Out of this turmoil, the partnership between economists at the U and the Minneapolis Fed was born. Together, they worked to understand the causes of high inflation and economic stagnation. Understanding led to better policy prescriptions championed by Minneapolis Fed leaders. The result was a revolution in both economic scholarship and policy.

Lessons learned then remain relevant for today. Take the idea that economic policy affects the economy by changing people's expectations of future policy. One implication is that the Fed's most powerful tool is its credibility. Much of what the Fed currently does — the 2 percent inflation target to "anchor" inflation expectations, "forward guidance" on interest rates — builds credibility.

Other lessons have been harder to teach. Long before the global financial crisis, the partnership warned of "too-big-to-fail" banks. We also warned that the implicit promise of government bailouts of banks would lead to excessive risk-taking.
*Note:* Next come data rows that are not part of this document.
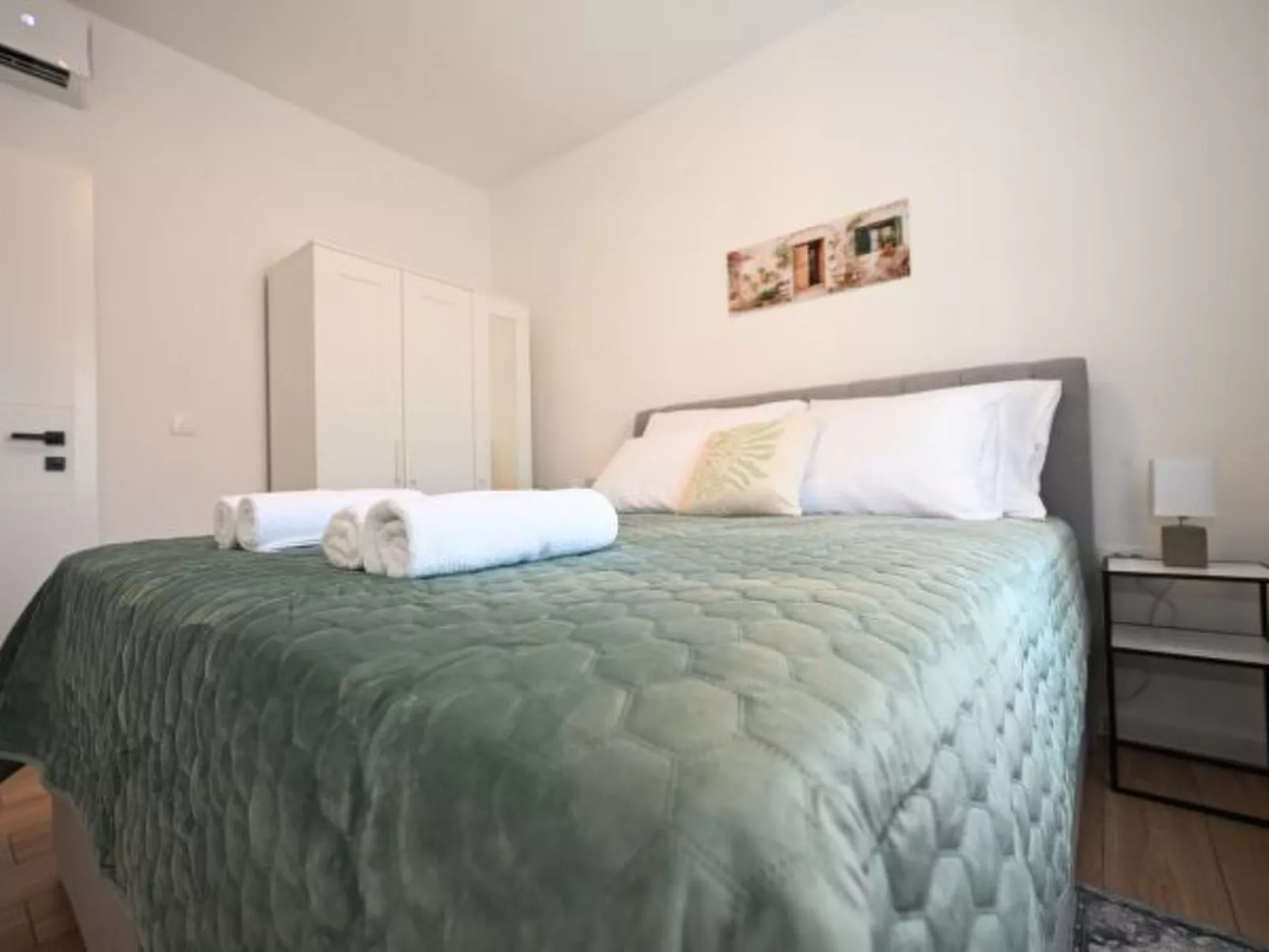 Villa Zara Blu with pool - Image-tags.info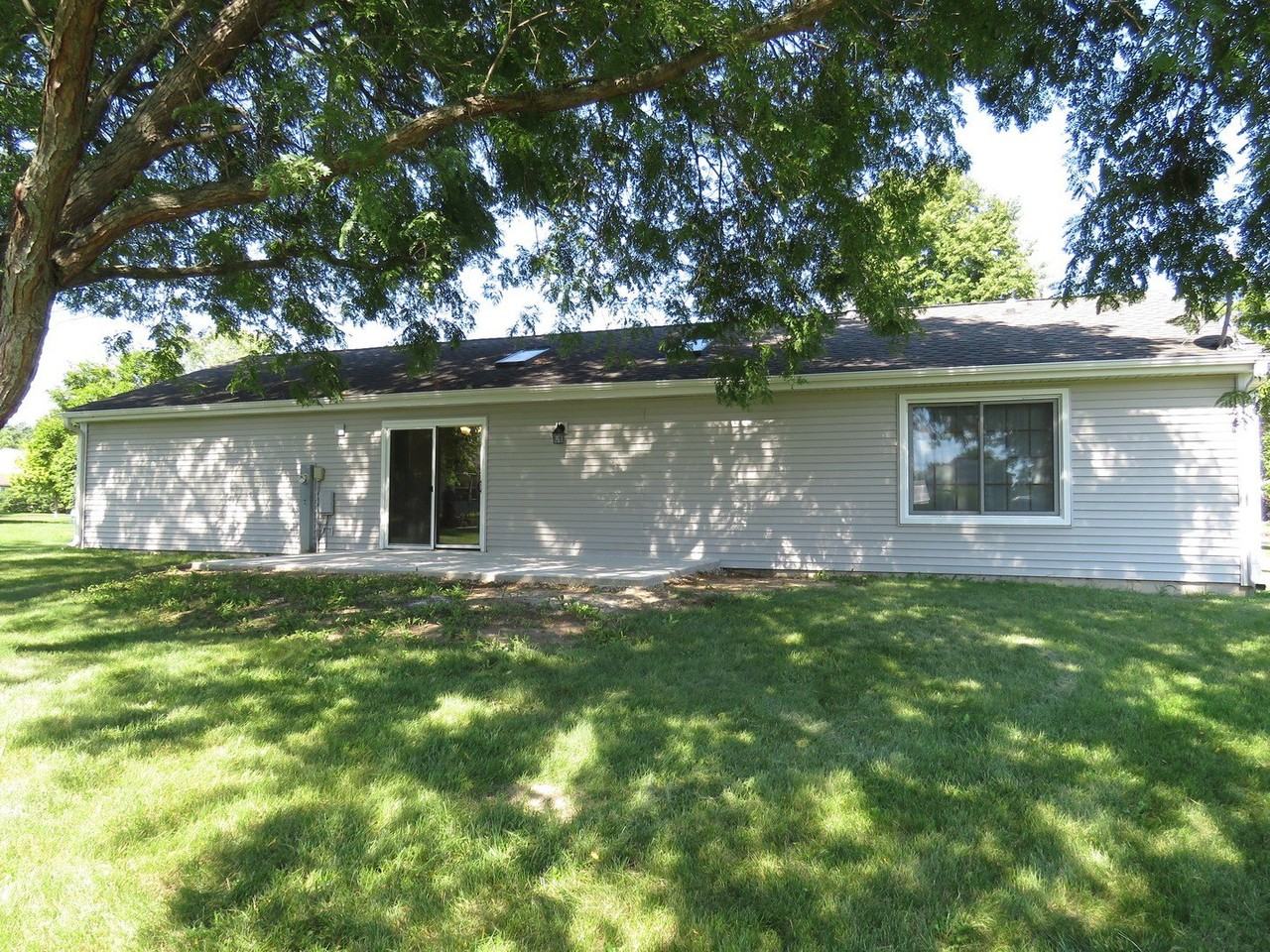 3451 Waterford Way - Photo 3 of 14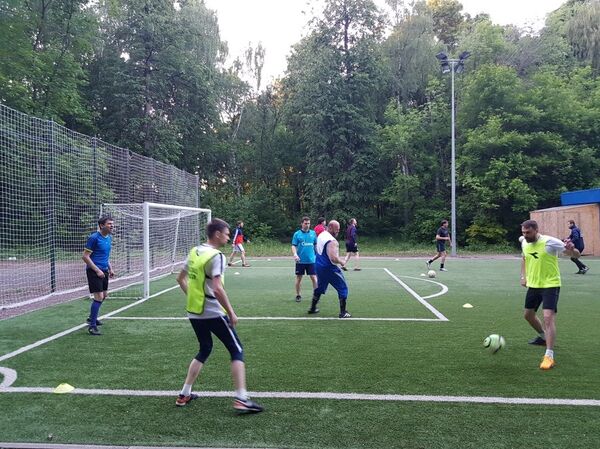 فريق هواة روس يمارسون كرة القدم - سبوتنيك عربي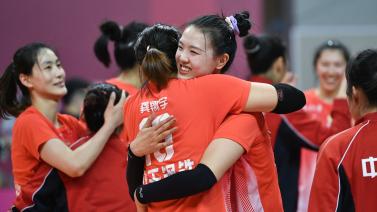 蒂法尼·斯特拉顿（Tiffany Stratton）遭受尴尬的衣柜故障，因为WWE被迫将直播电视直播到黑屏.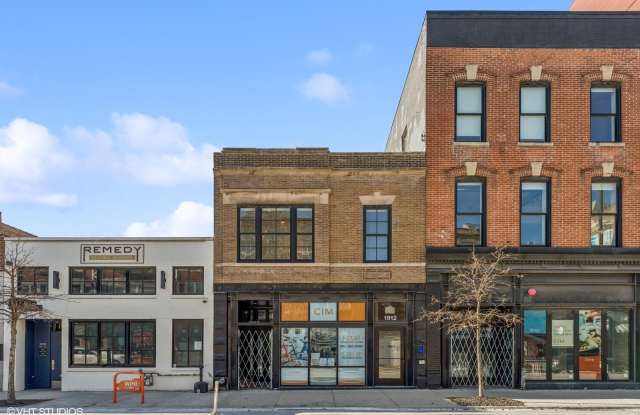 1914 N Milwaukee Avenue unit: 203L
These risks remain a problem despite the crisis; we offer a solution in the Minneapolis Plan to End Too Big to Fail.

The partnership's lessons remain relevant for today's scholarship as well. Economists everywhere continue to build on our research into the causes of business cycles. And our research scholars continue to tackle some of the toughest economic problems of our time.

• Dramatic disparities in economic circumstance and opportunity are the focus of taxation and social safety net analyses by our economists.

• Achievement gaps are the target of the Minneapolis Fed's nationally recognized economic research on the importance of investing in early childhood development.

• Addressing economic disparities through research and policy solutions is central to the mission of the Minneapolis Fed's Opportunity & Inclusive Growth Institute and the University's Heller-Hurwicz Economics Institute.

• Recurrent sovereign debt crises that afflict nations worldwide are addressed by analyses and policy recommendations developed in Minneapolis.

• Sustained research on optimal fiscal and monetary policy highlights the importance of clarity and consistency in guiding public expectations.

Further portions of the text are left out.